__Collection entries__
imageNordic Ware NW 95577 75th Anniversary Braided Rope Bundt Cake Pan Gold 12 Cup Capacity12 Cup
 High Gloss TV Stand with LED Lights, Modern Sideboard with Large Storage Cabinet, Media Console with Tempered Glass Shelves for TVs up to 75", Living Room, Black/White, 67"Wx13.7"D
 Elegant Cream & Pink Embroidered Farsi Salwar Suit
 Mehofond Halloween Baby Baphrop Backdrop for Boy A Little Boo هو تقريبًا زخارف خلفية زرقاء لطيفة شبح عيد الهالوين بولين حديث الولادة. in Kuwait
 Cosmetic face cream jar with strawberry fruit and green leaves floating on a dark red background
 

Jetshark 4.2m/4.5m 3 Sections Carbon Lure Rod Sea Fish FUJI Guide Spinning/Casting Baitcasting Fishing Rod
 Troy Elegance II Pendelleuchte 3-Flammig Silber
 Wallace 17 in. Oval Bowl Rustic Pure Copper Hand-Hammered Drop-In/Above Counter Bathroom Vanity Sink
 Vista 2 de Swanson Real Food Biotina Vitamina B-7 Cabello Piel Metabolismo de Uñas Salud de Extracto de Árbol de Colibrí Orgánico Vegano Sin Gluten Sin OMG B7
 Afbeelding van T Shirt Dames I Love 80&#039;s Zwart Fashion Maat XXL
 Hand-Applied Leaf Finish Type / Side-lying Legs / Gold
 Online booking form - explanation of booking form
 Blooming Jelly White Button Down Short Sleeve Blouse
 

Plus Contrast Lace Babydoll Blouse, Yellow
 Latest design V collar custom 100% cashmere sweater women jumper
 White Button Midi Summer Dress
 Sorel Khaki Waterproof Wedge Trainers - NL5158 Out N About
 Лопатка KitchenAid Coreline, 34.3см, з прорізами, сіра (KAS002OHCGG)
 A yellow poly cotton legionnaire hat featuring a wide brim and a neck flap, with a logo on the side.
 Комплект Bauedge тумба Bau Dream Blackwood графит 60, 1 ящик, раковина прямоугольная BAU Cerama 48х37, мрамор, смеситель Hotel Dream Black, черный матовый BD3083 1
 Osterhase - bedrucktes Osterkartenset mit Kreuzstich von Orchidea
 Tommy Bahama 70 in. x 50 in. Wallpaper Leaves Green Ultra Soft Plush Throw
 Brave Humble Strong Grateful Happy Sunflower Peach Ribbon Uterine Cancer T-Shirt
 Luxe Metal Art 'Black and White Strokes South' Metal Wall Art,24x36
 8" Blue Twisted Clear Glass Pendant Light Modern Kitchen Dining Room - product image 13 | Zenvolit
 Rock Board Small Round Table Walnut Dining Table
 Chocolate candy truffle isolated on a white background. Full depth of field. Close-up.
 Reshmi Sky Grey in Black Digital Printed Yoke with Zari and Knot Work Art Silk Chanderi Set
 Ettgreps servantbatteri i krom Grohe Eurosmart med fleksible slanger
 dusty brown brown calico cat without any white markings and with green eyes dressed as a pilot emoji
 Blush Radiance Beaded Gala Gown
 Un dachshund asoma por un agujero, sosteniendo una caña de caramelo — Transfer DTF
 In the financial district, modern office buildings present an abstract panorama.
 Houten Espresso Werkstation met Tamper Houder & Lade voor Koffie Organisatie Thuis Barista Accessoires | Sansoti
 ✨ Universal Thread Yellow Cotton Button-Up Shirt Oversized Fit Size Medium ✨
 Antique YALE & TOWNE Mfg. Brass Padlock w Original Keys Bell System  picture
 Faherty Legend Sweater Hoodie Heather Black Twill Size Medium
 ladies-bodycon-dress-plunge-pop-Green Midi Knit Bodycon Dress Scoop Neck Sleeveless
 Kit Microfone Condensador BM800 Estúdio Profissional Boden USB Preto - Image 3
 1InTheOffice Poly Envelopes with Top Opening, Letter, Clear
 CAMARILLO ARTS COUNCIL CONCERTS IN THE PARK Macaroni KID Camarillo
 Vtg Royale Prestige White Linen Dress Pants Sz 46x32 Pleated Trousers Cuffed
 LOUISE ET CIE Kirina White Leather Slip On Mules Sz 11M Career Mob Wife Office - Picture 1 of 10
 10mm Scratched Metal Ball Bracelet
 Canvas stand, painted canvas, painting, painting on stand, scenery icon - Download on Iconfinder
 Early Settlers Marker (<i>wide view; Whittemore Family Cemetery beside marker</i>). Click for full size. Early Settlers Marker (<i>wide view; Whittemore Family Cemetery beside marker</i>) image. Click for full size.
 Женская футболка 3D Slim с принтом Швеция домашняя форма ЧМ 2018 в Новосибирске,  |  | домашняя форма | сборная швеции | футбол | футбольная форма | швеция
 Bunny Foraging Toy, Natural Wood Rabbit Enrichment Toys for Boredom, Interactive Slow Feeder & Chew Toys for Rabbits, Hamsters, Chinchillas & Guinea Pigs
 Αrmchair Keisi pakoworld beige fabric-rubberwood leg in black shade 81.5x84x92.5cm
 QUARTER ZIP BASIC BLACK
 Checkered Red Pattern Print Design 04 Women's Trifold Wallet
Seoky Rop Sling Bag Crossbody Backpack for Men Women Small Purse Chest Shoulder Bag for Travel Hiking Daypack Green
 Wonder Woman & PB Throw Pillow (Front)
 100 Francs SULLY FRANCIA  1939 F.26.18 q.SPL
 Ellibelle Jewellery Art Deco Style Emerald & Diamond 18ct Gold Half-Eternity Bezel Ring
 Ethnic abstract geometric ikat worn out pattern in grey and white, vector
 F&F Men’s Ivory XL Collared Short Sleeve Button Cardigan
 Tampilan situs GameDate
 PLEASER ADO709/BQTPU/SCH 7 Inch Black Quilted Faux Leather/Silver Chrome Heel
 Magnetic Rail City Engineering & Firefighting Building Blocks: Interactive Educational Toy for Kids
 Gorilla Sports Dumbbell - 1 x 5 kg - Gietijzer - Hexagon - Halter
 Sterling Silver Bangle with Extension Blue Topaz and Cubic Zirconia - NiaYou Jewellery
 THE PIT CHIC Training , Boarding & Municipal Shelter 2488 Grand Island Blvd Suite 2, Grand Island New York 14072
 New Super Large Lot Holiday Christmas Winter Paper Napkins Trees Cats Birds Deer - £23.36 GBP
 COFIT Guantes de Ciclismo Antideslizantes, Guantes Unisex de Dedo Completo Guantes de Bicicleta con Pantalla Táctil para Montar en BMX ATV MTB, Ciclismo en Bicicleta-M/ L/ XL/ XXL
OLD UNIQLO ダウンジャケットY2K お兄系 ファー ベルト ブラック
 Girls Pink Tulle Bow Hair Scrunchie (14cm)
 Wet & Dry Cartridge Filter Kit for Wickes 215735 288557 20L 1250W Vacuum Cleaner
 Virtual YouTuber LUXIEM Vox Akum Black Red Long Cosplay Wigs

__WHAT YOU WILL DO__
Using the entries above, output exactly the lines between the line holding "Reshmi Sky Grey" and the line holding "Женская футболка 3D", end lines included, and nothing more.

__ANSWER TO THIS PROBLEM__
 Reshmi Sky Grey in Black Digital Printed Yoke with Zari and Knot Work Art Silk Chanderi Set
 Ettgreps servantbatteri i krom Grohe Eurosmart med fleksible slanger
 dusty brown brown calico cat without any white markings and with green eyes dressed as a pilot emoji
 Blush Radiance Beaded Gala Gown
 Un dachshund asoma por un agujero, sosteniendo una caña de caramelo — Transfer DTF
 In the financial district, modern office buildings present an abstract panorama.
 Houten Espresso Werkstation met Tamper Houder & Lade voor Koffie Organisatie Thuis Barista Accessoires | Sansoti
 ✨ Universal Thread Yellow Cotton Button-Up Shirt Oversized Fit Size Medium ✨
 Antique YALE & TOWNE Mfg. Brass Padlock w Original Keys Bell System  picture
 Faherty Legend Sweater Hoodie Heather Black Twill Size Medium
 ladies-bodycon-dress-plunge-pop-Green Midi Knit Bodycon Dress Scoop Neck Sleeveless
 Kit Microfone Condensador BM800 Estúdio Profissional Boden USB Preto - Image 3
 1InTheOffice Poly Envelopes with Top Opening, Letter, Clear
 CAMARILLO ARTS COUNCIL CONCERTS IN THE PARK Macaroni KID Camarillo
 Vtg Royale Prestige White Linen Dress Pants Sz 46x32 Pleated Trousers Cuffed
 LOUISE ET CIE Kirina White Leather Slip On Mules Sz 11M Career Mob Wife Office - Picture 1 of 10
 10mm Scratched Metal Ball Bracelet
 Canvas stand, painted canvas, painting, painting on stand, scenery icon - Download on Iconfinder
 Early Settlers Marker (<i>wide view; Whittemore Family Cemetery beside marker</i>). Click for full size. Early Settlers Marker (<i>wide view; Whittemore Family Cemetery beside marker</i>) image. Click for full size.
 Женская футболка 3D Slim с принтом Швеция домашняя форма ЧМ 2018 в Новосибирске,  |  | домашняя форма | сборная швеции | футбол | футбольная форма | швеция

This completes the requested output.